HuggingFace Activation Datasets¶
Activation extraction is the expensive part of the probe workflow — a single forward pass through a large model can take seconds, and you may need thousands of prompts. Activation datasets let you extract once, publish to HuggingFace, and let anyone train probes without loading the model locally.
Requires pip install lmprobe[hub].
Overview¶
The workflow has three stages:
1. Extract → 2. Publish → 3. Train (no model needed)
UnifiedCache push_dataset load_activations
locally to HF Hub + fit_from_activations
Stage 1: Extract activations efficiently¶
Use UnifiedCache to extract activations in a single forward pass. The key option is cache_pooled=True (the default), which pools before caching and reduces disk usage by roughly 100× — storing (hidden_dim,) per prompt instead of (seq_len, hidden_dim).

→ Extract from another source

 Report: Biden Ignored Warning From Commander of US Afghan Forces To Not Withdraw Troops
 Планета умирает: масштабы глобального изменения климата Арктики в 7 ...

from lmprobe import UnifiedCache
cache = UnifiedCache(
model="meta-llama/Llama-3.1-8B-Instruct",
layers="all", # extract every layer
cache_pooled=True, # ~100x disk savings (default)
pooling="last_token", # pooling strategy — must match your probe later
compute_perplexity=True, # also cache perplexity features (cheap, often useful)
device="auto",
batch_size=8,
)
stats = cache.warmup(all_prompts)
print(stats)
# WarmupStats(total=500, activations=0 cached + 500 extracted,
# perplexity=0 cached + 500 extracted, time=142.3s)

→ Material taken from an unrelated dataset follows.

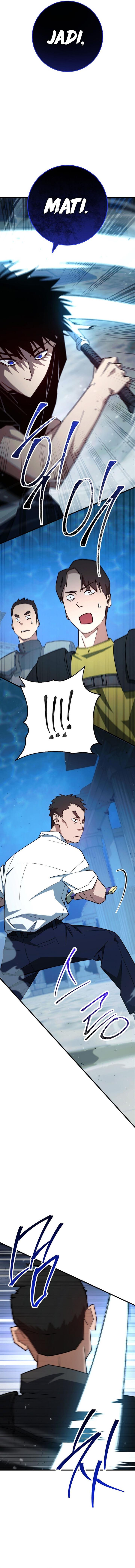 The Hero Returns Chap 72 - Next Chap 73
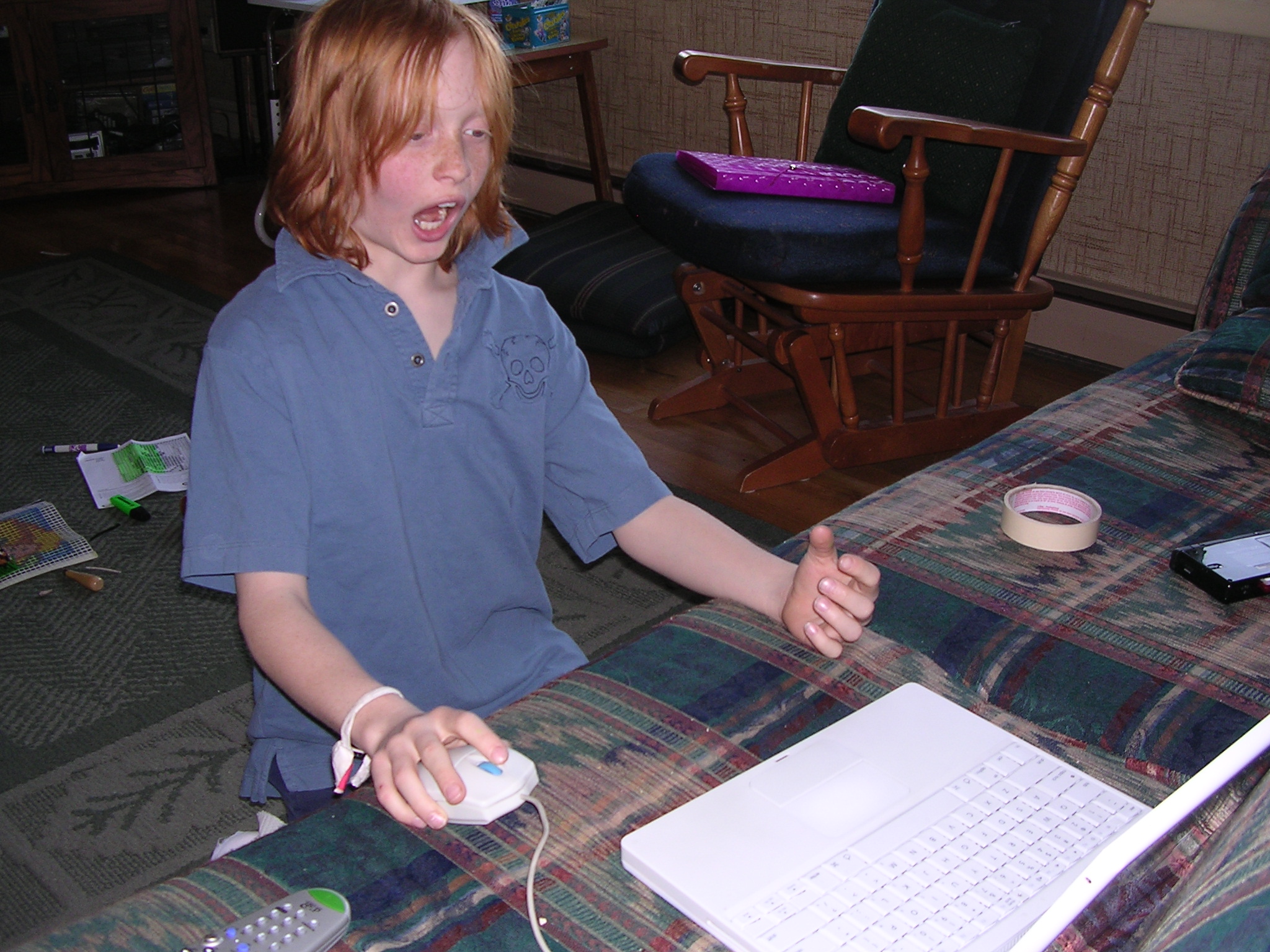 Computer Mouse Prank 4 Steps Instructables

Committing to a pooling strategy
When cache_pooled=True, pooling is applied before saving. Once cached, the pooling strategy is fixed — you can't re-pool with a different strategy without re-extracting. Choose carefully.
Set cache_pooled=False only if you need to experiment with multiple pooling strategies on the same data.
Caching logits¶
Optionally cache top-k logits for downstream analysis:
cache = UnifiedCache(
model="meta-llama/Llama-3.1-8B-Instruct",
layers="all",
cache_logits=True,
logit_top_k=50, # store top 50 token probabilities per position
logit_positions="last", # "last" or "all" token positions
)
Remote extraction for large models¶
Combine UnifiedCache with nnsight for models too large to run locally:
cache = UnifiedCache(
model="meta-llama/Llama-3.1-70B-Instruct",
layers="all",
backend="nnsight",
remote=True, # requires NDIF_API_KEY, US-based access
batch_size=4, # smaller batches for remote
)
stats = cache.warmup(all_prompts)
Stage 2: Push to HuggingFace¶
Once activations are in the local cache, push them to a HuggingFace Dataset repo. The dataset stores a Parquet index (prompt metadata) and safetensors shards (tensor data).

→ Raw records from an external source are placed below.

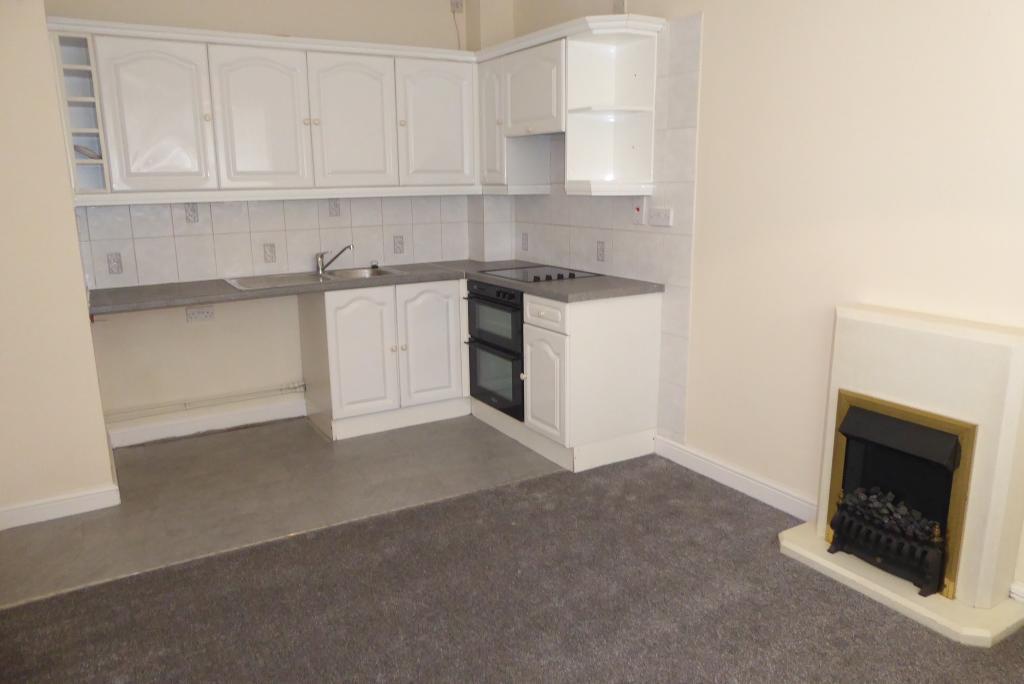 Open Plan Living Are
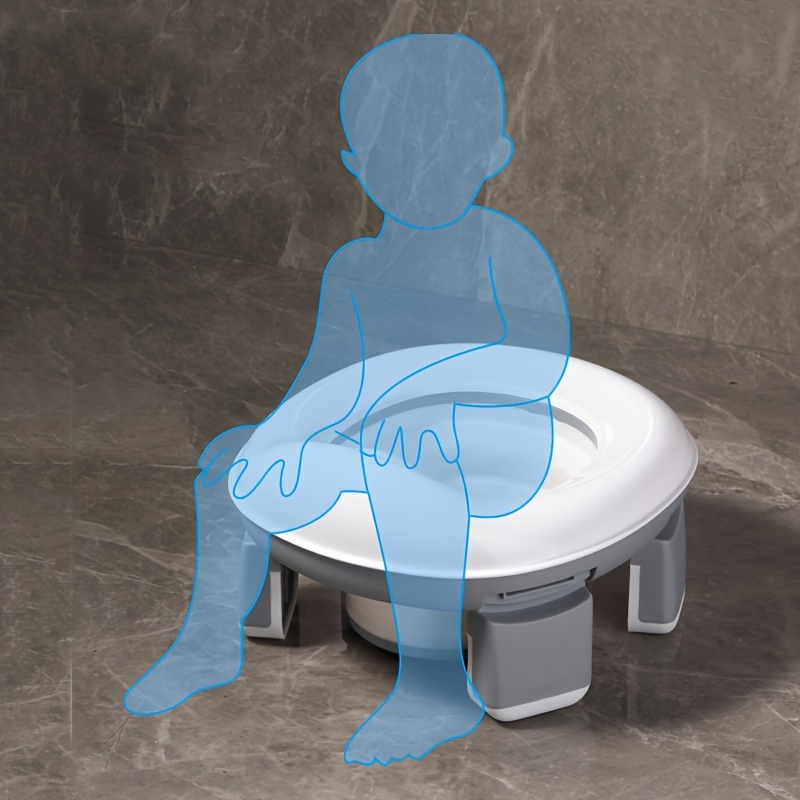 1 Pc Portable Foldable Kids To - Outdoor Camping Toilet ulasan dan harga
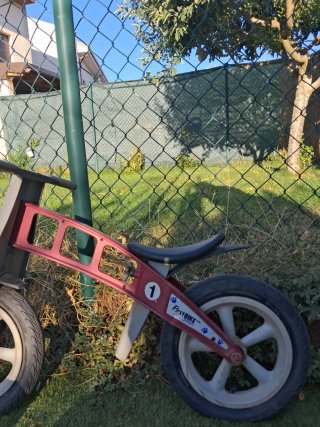Bicicleta de equilibrio FirstBIKE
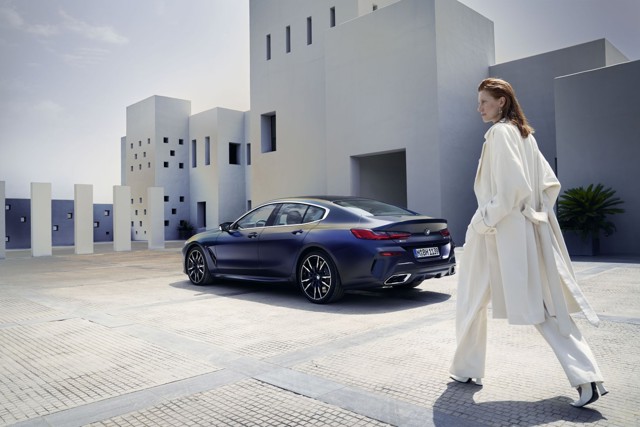 Bmw 8 Series Coupe photo 18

from lmprobe import push_dataset
url = push_dataset(
repo_id="username/llama-8b-safety-activations",
model_name="meta-llama/Llama-3.1-8B-Instruct",
prompts=all_prompts,
labels=all_labels, # optional: stored in Parquet index
description="Activations for safety probe training on Llama-3.1-8B",
private=False,
)
print(url)
# https://huggingface.co/datasets/username/llama-8b-safety-activations
Including metadata per prompt¶
Attach arbitrary metadata to each prompt — it lands as columns in the Parquet index, queryable via load_dataset():
push_dataset(
repo_id="username/my-activations",
model_name="meta-llama/Llama-3.1-8B-Instruct",
prompts=all_prompts,
labels=all_labels,
metadata=[
{"source": "reddit", "category": "safety", "split": "train"},
{"source": "twitter", "category": "benign", "split": "train"},
# ...one dict per prompt, all dicts must have the same keys
],
)
Controlling what gets pushed¶
push_dataset(
repo_id="username/my-activations",
model_name="meta-llama/Llama-3.1-8B-Instruct",
prompts=all_prompts,
tensors=["hidden_layers"], # only activations, skip logits
skip_missing=True, # silently skip prompts not in local cache
private=True,
)
Custom shard ordering¶
By default, push_dataset shuffles prompts before sharding so each shard contains a representative mix. If you want domain-contiguous shards — so downstream consumers can selectively load just the domains they need — sort your prompts first and pass shuffle=False:
import pandas as pd
from lmprobe import push_dataset
df = pd.read_parquet("my_dataset.parquet")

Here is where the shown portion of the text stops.